- Aim of the task:
Could you write out each entry exactly as it reads?

- Source data:
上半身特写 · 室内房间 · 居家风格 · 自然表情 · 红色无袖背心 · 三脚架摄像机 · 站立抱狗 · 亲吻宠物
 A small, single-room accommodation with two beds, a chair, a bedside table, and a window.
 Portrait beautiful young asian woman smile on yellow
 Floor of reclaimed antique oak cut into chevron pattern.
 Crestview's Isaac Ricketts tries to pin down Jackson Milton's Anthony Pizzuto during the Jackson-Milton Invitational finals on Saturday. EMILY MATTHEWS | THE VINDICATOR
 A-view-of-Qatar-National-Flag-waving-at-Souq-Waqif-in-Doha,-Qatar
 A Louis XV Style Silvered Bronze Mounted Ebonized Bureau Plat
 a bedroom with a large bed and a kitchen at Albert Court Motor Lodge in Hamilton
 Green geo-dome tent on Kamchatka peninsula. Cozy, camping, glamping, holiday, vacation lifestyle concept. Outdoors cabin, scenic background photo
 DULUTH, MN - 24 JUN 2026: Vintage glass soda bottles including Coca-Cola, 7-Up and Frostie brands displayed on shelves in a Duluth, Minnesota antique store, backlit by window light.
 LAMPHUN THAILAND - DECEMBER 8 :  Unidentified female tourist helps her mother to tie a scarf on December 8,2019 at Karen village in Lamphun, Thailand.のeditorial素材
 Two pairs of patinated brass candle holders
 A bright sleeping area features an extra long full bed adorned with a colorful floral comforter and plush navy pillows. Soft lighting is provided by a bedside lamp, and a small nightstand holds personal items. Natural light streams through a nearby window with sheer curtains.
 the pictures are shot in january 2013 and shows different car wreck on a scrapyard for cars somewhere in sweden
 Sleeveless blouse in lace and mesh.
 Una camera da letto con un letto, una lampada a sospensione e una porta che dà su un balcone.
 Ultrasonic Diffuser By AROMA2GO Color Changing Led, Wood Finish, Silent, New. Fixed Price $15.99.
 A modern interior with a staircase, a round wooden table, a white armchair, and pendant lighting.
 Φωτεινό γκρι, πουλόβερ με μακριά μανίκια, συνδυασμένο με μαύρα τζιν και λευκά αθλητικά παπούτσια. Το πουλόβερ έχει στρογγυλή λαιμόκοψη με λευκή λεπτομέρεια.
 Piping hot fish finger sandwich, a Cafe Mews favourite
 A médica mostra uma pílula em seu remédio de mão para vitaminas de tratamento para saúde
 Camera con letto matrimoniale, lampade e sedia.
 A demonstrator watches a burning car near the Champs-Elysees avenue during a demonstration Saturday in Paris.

- Solved problem:
上半身特写 · 室内房间 · 居家风格 · 自然表情 · 红色无袖背心 · 三脚架摄像机 · 站立抱狗 · 亲吻宠物
 A small, single-room accommodation with two beds, a chair, a bedside table, and a window.
 Portrait beautiful young asian woman smile on yellow
 Floor of reclaimed antique oak cut into chevron pattern.
 Crestview's Isaac Ricketts tries to pin down Jackson Milton's Anthony Pizzuto during the Jackson-Milton Invitational finals on Saturday. EMILY MATTHEWS | THE VINDICATOR
 A-view-of-Qatar-National-Flag-waving-at-Souq-Waqif-in-Doha,-Qatar
 A Louis XV Style Silvered Bronze Mounted Ebonized Bureau Plat
 a bedroom with a large bed and a kitchen at Albert Court Motor Lodge in Hamilton
 Green geo-dome tent on Kamchatka peninsula. Cozy, camping, glamping, holiday, vacation lifestyle concept. Outdoors cabin, scenic background photo
 DULUTH, MN - 24 JUN 2026: Vintage glass soda bottles including Coca-Cola, 7-Up and Frostie brands displayed on shelves in a Duluth, Minnesota antique store, backlit by window light.
 LAMPHUN THAILAND - DECEMBER 8 :  Unidentified female tourist helps her mother to tie a scarf on December 8,2019 at Karen village in Lamphun, Thailand.のeditorial素材
 Two pairs of patinated brass candle holders
 A bright sleeping area features an extra long full bed adorned with a colorful floral comforter and plush navy pillows. Soft lighting is provided by a bedside lamp, and a small nightstand holds personal items. Natural light streams through a nearby window with sheer curtains.
 the pictures are shot in january 2013 and shows different car wreck on a scrapyard for cars somewhere in sweden
 Sleeveless blouse in lace and mesh.
 Una camera da letto con un letto, una lampada a sospensione e una porta che dà su un balcone.
 Ultrasonic Diffuser By AROMA2GO Color Changing Led, Wood Finish, Silent, New. Fixed Price $15.99.
 A modern interior with a staircase, a round wooden table, a white armchair, and pendant lighting.
 Φωτεινό γκρι, πουλόβερ με μακριά μανίκια, συνδυασμένο με μαύρα τζιν και λευκά αθλητικά παπούτσια. Το πουλόβερ έχει στρογγυλή λαιμόκοψη με λευκή λεπτομέρεια.
 Piping hot fish finger sandwich, a Cafe Mews favourite
 A médica mostra uma pílula em seu remédio de mão para vitaminas de tratamento para saúde
 Camera con letto matrimoniale, lampade e sedia.
 A demonstrator watches a burning car near the Champs-Elysees avenue during a demonstration Saturday in Paris.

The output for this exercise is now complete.